Thomas Hardy, Gaskell and Eliot, Blackmore

The Return of the Native, Tess of the D'urbervilles and The Mayor of Casterbridge-Thomas Hardy

Well, I gave Hardy a chance. I went in thinking that I would love his work because I am a lover of Victorian Literature, but I was three times disappointed. The first novel I tried was The Return of the Native. I was fascinated when I met Eustacia Vye in the first chapter. Initially I thought that she was going to be similar to Scarlett O'Hara, a dark headstrong beauty, spoiled and tempestuous but of strong moral fiber. Nope, she was a selfish biznatch hell-bent on destroying everyone around her.
So...strike one, the first main character of Hardy's that I didn't like.  Reluctantly, I finished the book.
Years later I decided  to try Tess of the D'urbervilles. I waded through that novel too, never really connecting with, the supposedly, "fabulous" Tess. I think I was supposed to care for her.

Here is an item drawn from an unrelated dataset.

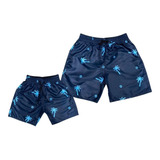 Kit Pai E Filho Bermudas Iguais Tactel Brasil Masculino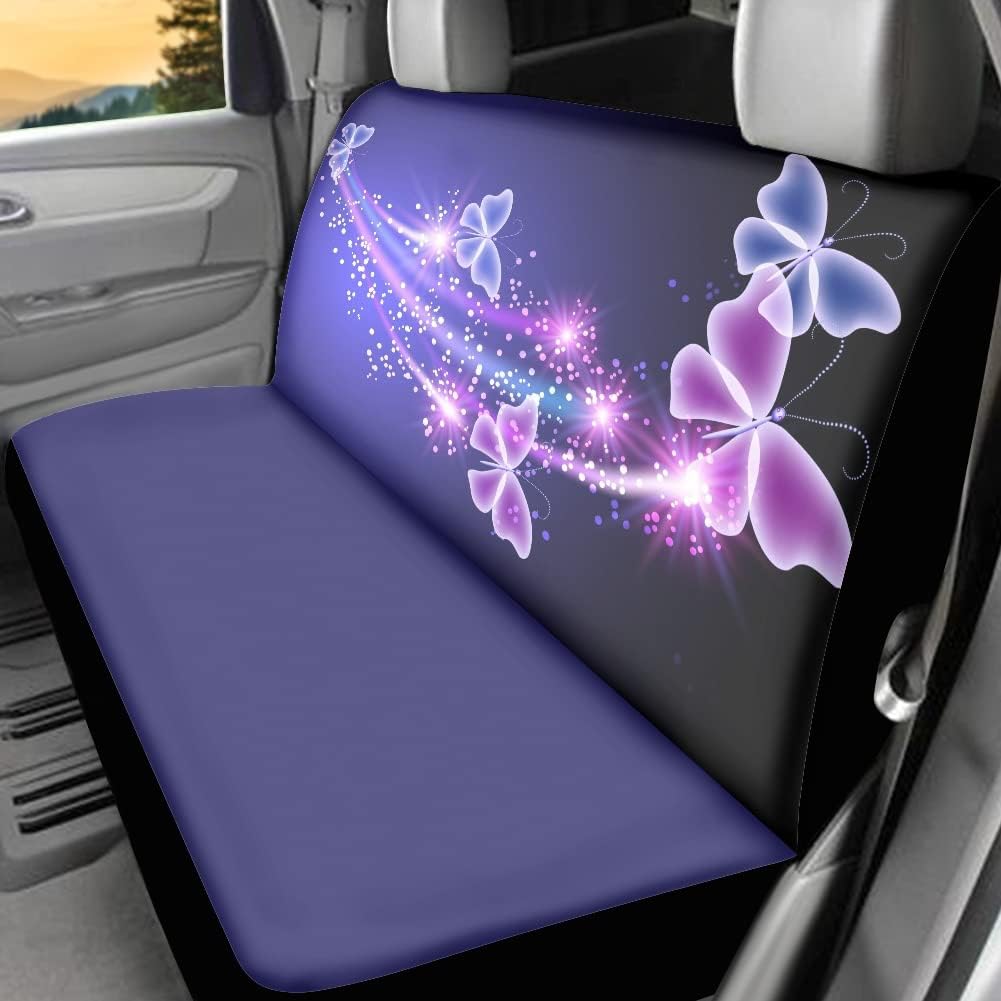 chaqlin Universal 2er Pack Butterfly Car Vordersitzbezüge +2 Stück Rücksitzschutz Split Bankbezug mi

I didn't . To me, she was nothing more than a wimpy "femme fatale" whose main goal in life was to get all the men to fall in love with her.
Strike two against Hardy.
I grew older and thought maybe I would see something in Hardy's writing that I had missed before as a younger person, so I tried The Mayor of Casterbridge. Nope, I couldn't stand that main character either.
Strike three.
I understand that the best, most realistic characters should be multidimensional, but Hardy puts his characters into such gray areas, the reader can never connect with them, let alone like them. I don't have to idolize my characters, but I do have to care about them. In his efforts to write about the deterioration of rural England, Hardy succeeded. He succeeded in the same the way Charles Dicken's uncovered problems with urban Victorian life. But in the process of criticizing society Hardy made sacrificial lambs out of his characters, a mistake Dickens never made. I found little to like about the work of Thomas Hardy. I hope you have a better luck than me.